What needs to be done = Output exactly, with nothing added, the entries from the first line through the line with "Bright Silver Metallic".

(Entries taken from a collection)

╔══

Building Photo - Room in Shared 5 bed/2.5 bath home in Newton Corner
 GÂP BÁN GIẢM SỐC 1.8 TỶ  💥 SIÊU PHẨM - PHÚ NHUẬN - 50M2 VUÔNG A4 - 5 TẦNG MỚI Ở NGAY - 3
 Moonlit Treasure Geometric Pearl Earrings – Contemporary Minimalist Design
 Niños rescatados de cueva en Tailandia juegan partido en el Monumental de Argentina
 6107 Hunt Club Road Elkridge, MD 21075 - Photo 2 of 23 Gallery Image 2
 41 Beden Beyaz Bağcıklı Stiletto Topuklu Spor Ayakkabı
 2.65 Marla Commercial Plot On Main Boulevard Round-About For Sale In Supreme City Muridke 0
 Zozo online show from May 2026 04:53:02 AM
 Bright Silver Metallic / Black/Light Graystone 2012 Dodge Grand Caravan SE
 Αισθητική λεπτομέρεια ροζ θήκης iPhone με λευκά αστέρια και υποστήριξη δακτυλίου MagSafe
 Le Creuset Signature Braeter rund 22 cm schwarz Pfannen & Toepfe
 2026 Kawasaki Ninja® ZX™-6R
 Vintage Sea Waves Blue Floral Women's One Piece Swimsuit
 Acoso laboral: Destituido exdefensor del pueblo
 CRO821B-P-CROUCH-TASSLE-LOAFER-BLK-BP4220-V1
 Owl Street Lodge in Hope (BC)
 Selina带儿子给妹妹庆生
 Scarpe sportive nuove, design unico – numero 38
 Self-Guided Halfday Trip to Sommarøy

╚══

Solution to this problem =
Building Photo - Room in Shared 5 bed/2.5 bath home in Newton Corner
 GÂP BÁN GIẢM SỐC 1.8 TỶ  💥 SIÊU PHẨM - PHÚ NHUẬN - 50M2 VUÔNG A4 - 5 TẦNG MỚI Ở NGAY - 3
 Moonlit Treasure Geometric Pearl Earrings – Contemporary Minimalist Design
 Niños rescatados de cueva en Tailandia juegan partido en el Monumental de Argentina
 6107 Hunt Club Road Elkridge, MD 21075 - Photo 2 of 23 Gallery Image 2
 41 Beden Beyaz Bağcıklı Stiletto Topuklu Spor Ayakkabı
 2.65 Marla Commercial Plot On Main Boulevard Round-About For Sale In Supreme City Muridke 0
 Zozo online show from May 2026 04:53:02 AM
 Bright Silver Metallic / Black/Light Graystone 2012 Dodge Grand Caravan SE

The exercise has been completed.